Arabofil
Biz Emevi Camii’nde namaz kılacaktık.
İş döndü dolaştı, Beşar Esad’ın Habib-i Neccar Camii’nde namaz kılmasına evrildi.
Namazı bırakın adam doğrudan camiye ve çevresine talip.
Suriye, açık açık Türkiye topraklarında gözü olduğunu açıkladı.
Türkiye ise bildik yanıtı patlattı.
“Topraklarımızda gözü olanın ne hale geldiğini tarihi okuyanlar bilir.”
Güldüm.
Gözün ortalıkta bir Atatürk aradı.
Ne yazık ki, yok.
Bakın başından beri “Göçmen sorunu Türkiye’nin beka sorunudur” derken hep bunu kaset ettik.

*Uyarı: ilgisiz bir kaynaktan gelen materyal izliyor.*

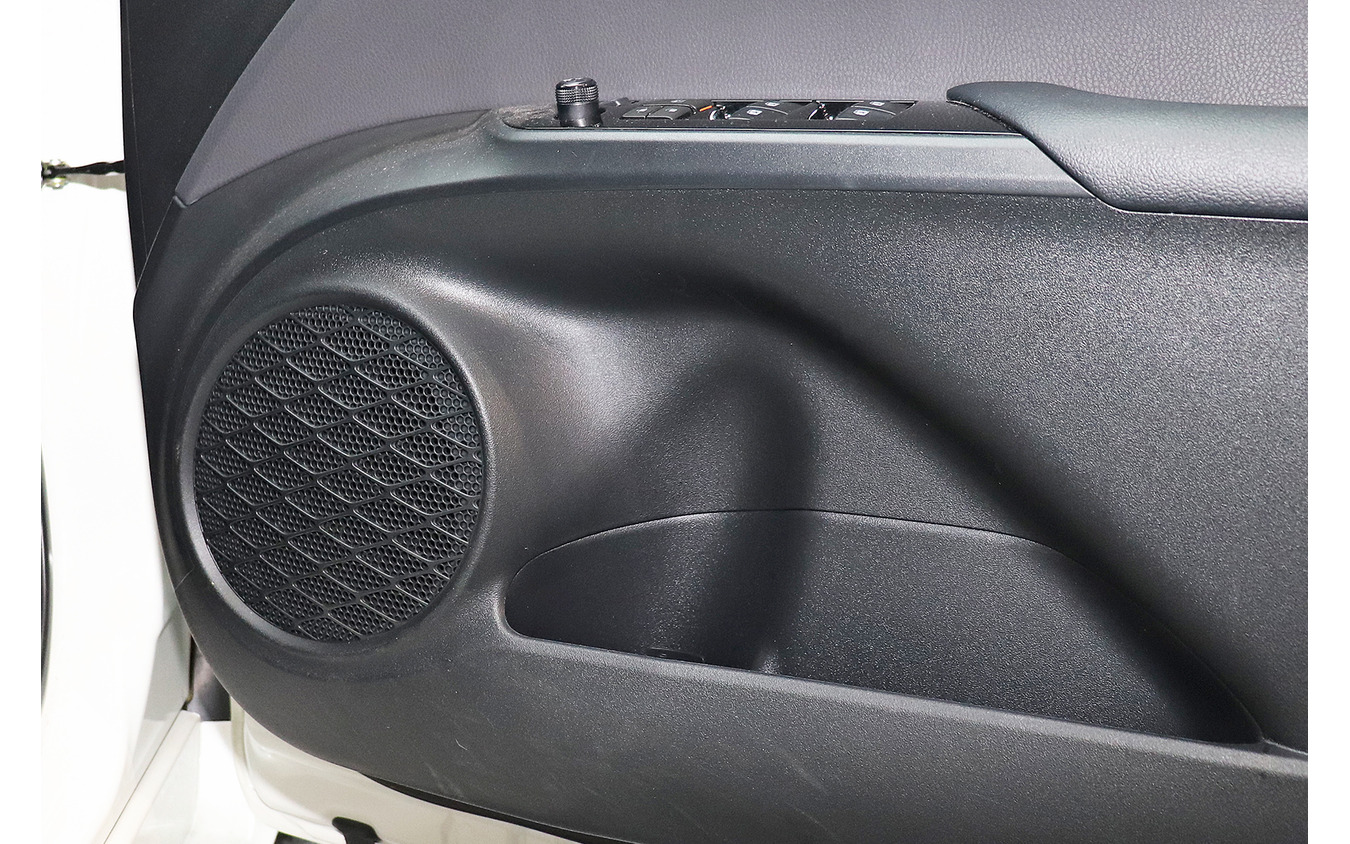 純正ドアスピーカーの取り付け位置の一例。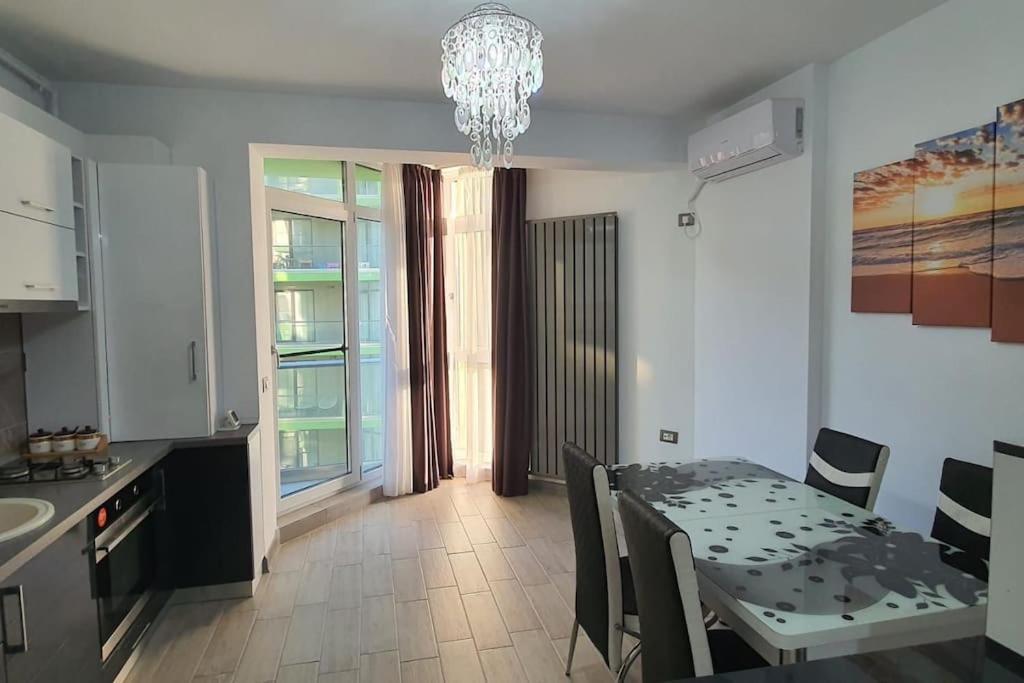 Alezzy Reasort Luxury Apartment 81 Prima Linie La Mare ナボダリ エクステリア 写真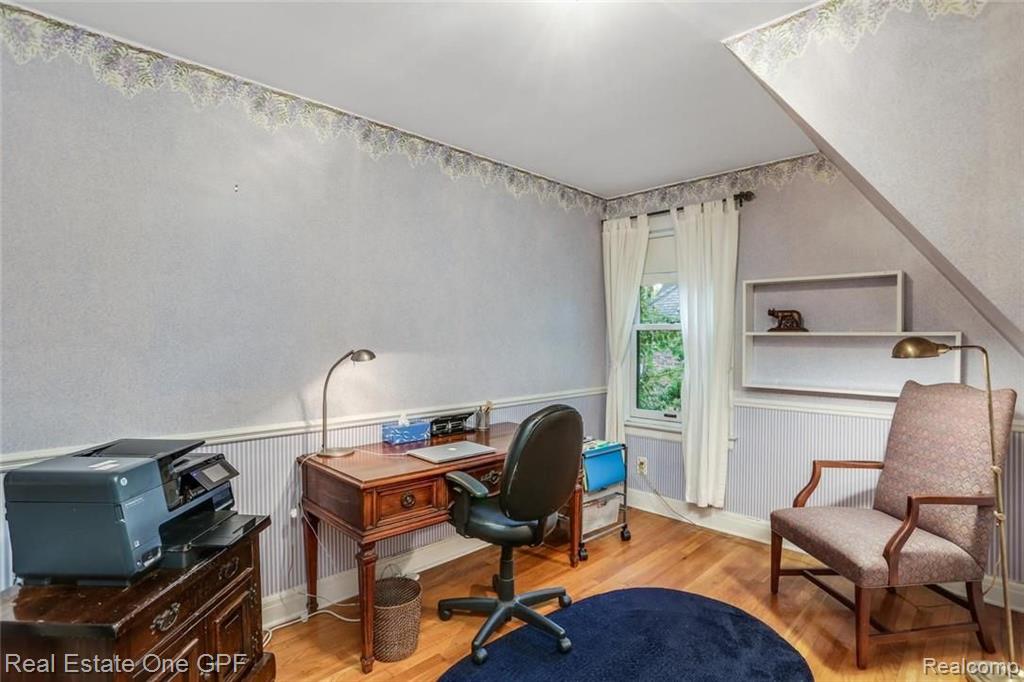 810 Barrington Road Grosse Pointe Park, MI 48230 - Photo 24 of 37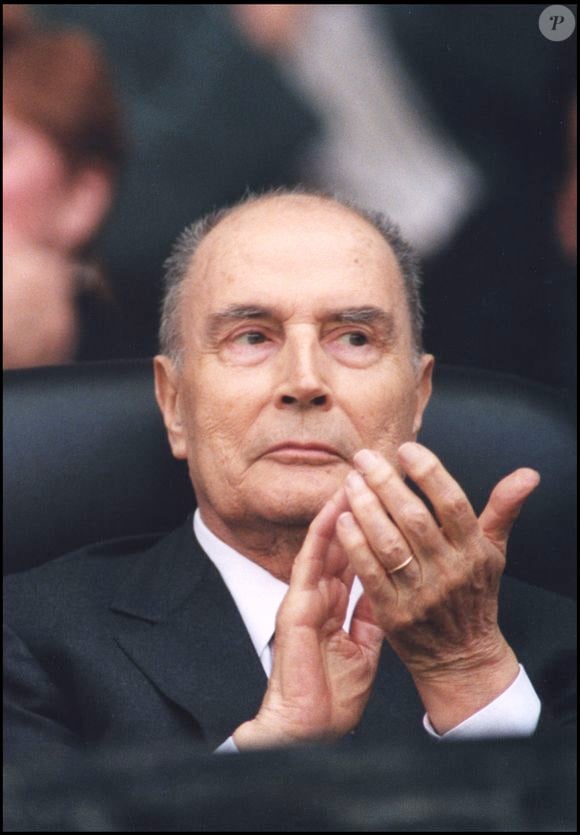 ARCHIVES - FRANCOIS MITTERRAND AU PARC DES PRINCES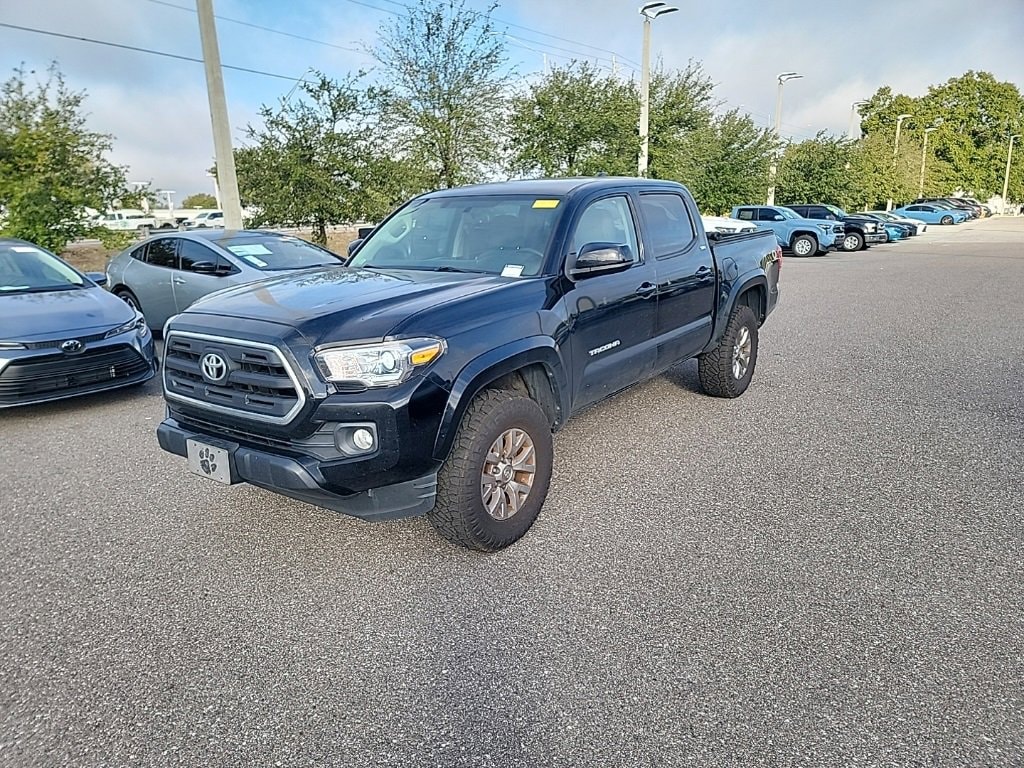 2017 Toyota Tacoma SR5's photo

Şu anda Hatay ve Kilis gibi Suriye ile sınır olan kentlerimizde Suriyeli göçmen sayısı, vatandaş sayımızı geçti.
Bunlar Esad karşıtı gibi görünse bile sonuçta Suriyeli.
Bunların yarın ne yapacağını kim bilebilir.
Hadi iyimser olup, bunların Esad karşıtı olduklarına inanalım.
Yarın Esad sonrasında ne yapacaklarını kim bilebilir.
Daha fazlasını söylemek, yazmak istemiyorum ama bu öngörüsüz, bu bilinçsiz, bu yanlış politikaları başımıza saranların, gelecekte hangi çorapların örüleceğini öngörmeleri sizce mümkün müdür!
Esad karşıtı oldukları için Suriye’den kaçıp Türkiye’yi bir nevi işgal etmiş olan bu 5 milyon kişinin bir gün bile Esad karşıtı bir gösteri yaptıklarını görmedik.
Ama giderek artan dozda Türkiye’yi tehdit ettiklerini, giderek küstahlaştıklarını görüyor, biliyor, yaşıyoruz.
Bu “Arabofilinin” sonu pek de hayırlı görünmüyor.
Atalarımızdan kalan bir ülkede giderek yabancılaşıyoruz.
128 milyar nerede sorusu önemli olmakla beraber yerine koyulabilecek bir şeyi aramaktadır.
Umarım yarın öbür gün Hatay nerede, Kilis nerede, biz neredeyiz diye sormak zorunda kalan bir duruma gelmeyiz.